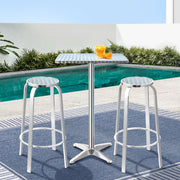 Gardeon 3-Piece Outdoor Bar Set Bistro Table Stools Adjustable Square Cafe FF-TABLESET-SQ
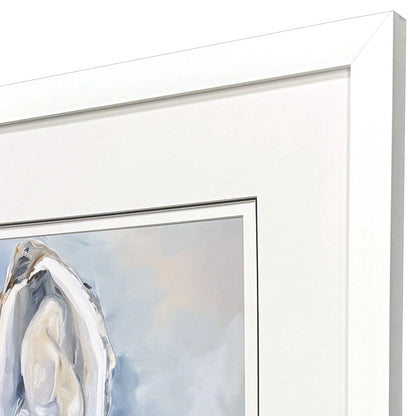 Mollusk Blue Glass Front Framed Wall Art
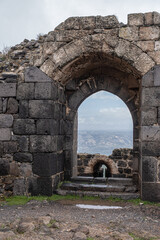 Fototapeta na wymiar Arched Doorways in Belvoir Crusader Castle, in Jordan Star National Park, located high above the Jordan Valley, South of the Sea of Gallelee and North of Beit Shean, Northern Israel, Isreal. 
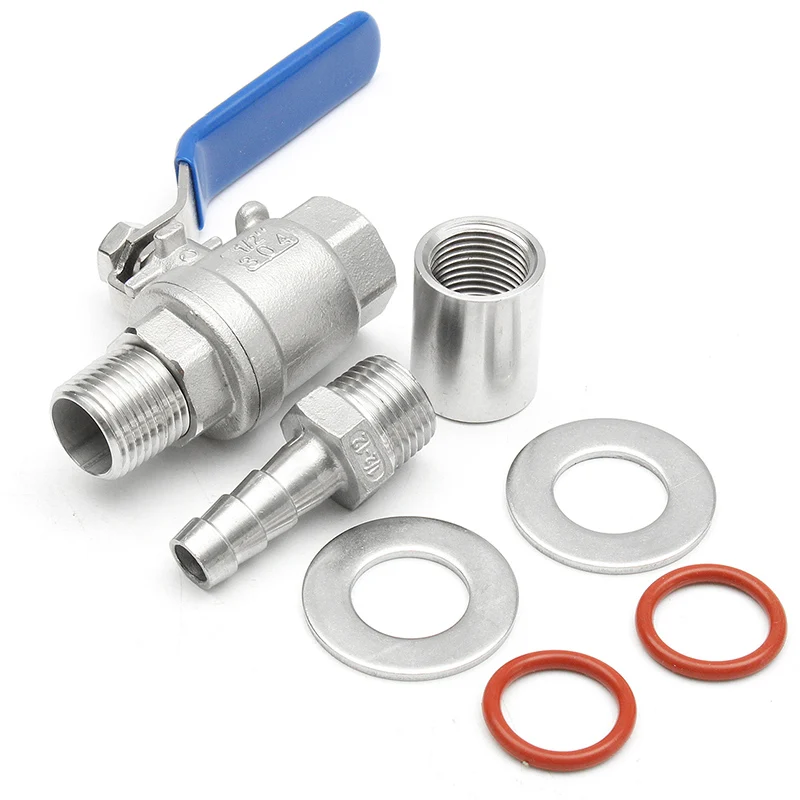 

1 Set 1/2 inch Ball Valve Barb Pipe High Quality Stainless Steel Weldless Compact Kettle Ball Valve Home Brew Kit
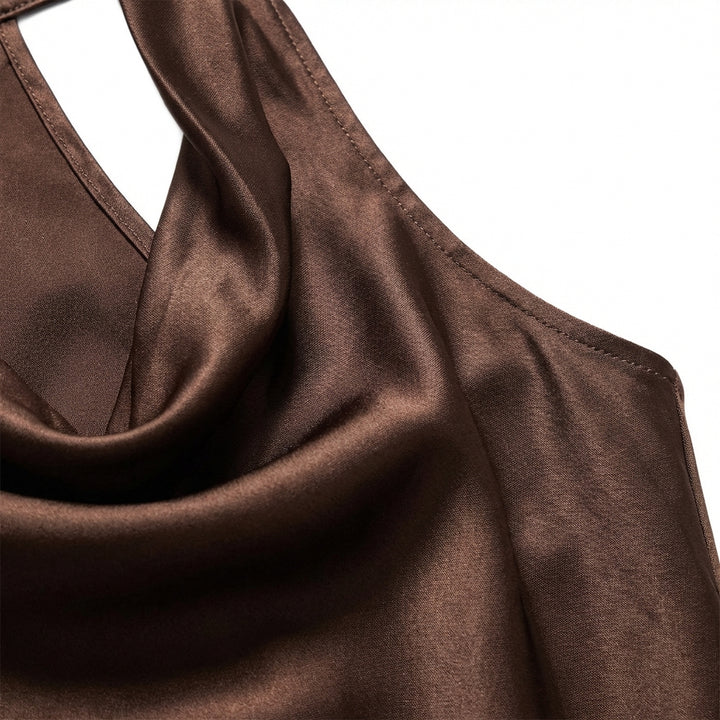 Women Solid Color Swing Collar Sleeveless Vest Trendy Elegant Shirt With Halter Neckline Backless Short Sleeve Tops Tshirts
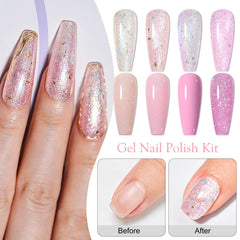 Meet Across yellow glitter gel polish for bright manicure looks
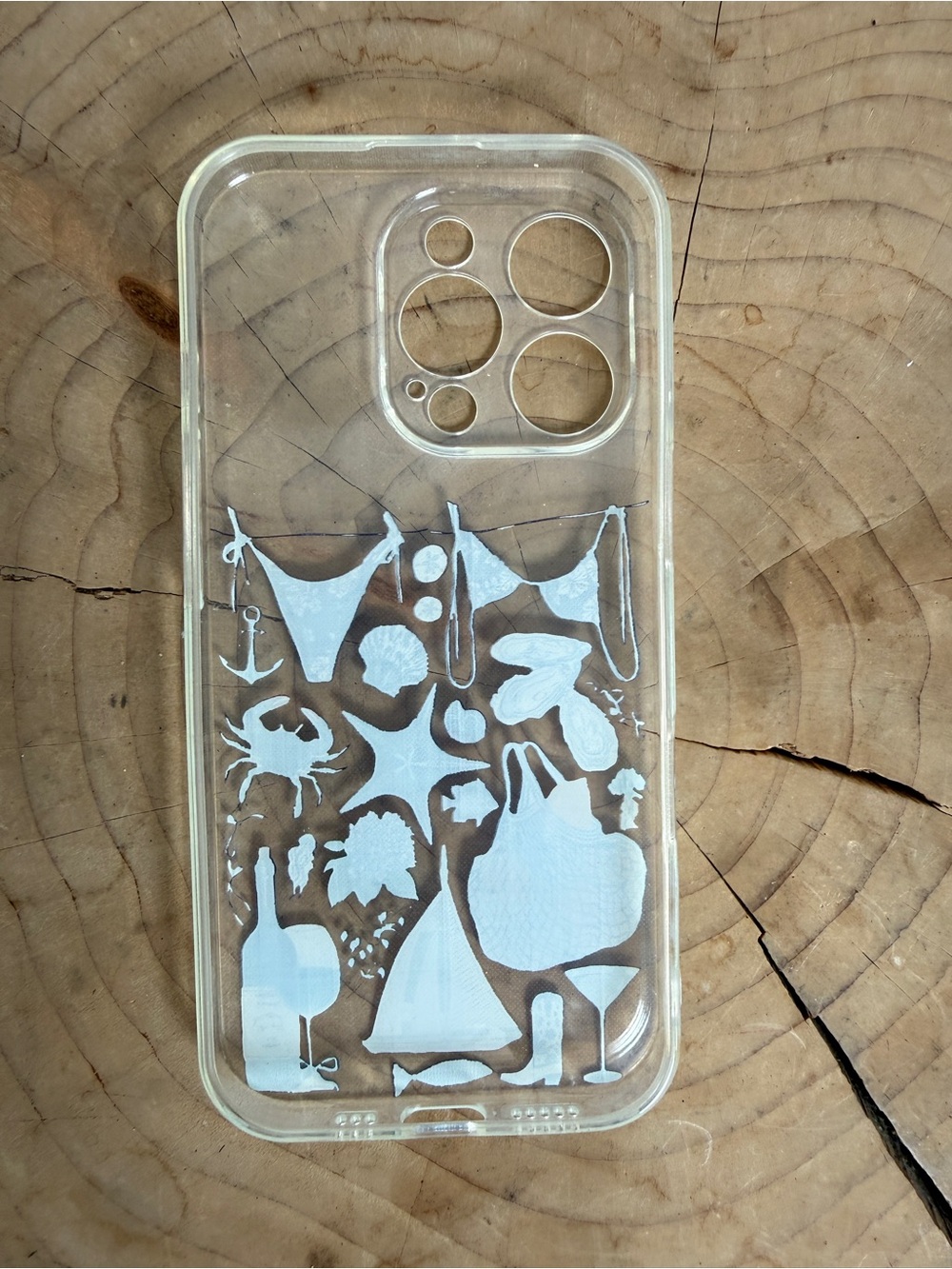 Clear Coastal Collage Case Blue Pink Beach Print iPhone 16 Pro - Picture 5 of 5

• • • • •

#### Problem description
Return every entry above exactly. Pictures stay out.

#### Output
 Gardeon 3-Piece Outdoor Bar Set Bistro Table Stools Adjustable Square Cafe FF-TABLESET-SQ
 Mollusk Blue Glass Front Framed Wall Art
 Fototapeta na wymiar Arched Doorways in Belvoir Crusader Castle, in Jordan Star National Park, located high above the Jordan Valley, South of the Sea of Gallelee and North of Beit Shean, Northern Israel, Isreal. 

1 Set 1/2 inch Ball Valve Barb Pipe High Quality Stainless Steel Weldless Compact Kettle Ball Valve Home Brew Kit
 Women Solid Color Swing Collar Sleeveless Vest Trendy Elegant Shirt With Halter Neckline Backless Short Sleeve Tops Tshirts
 Meet Across yellow glitter gel polish for bright manicure looks
 Clear Coastal Collage Case Blue Pink Beach Print iPhone 16 Pro - Picture 5 of 5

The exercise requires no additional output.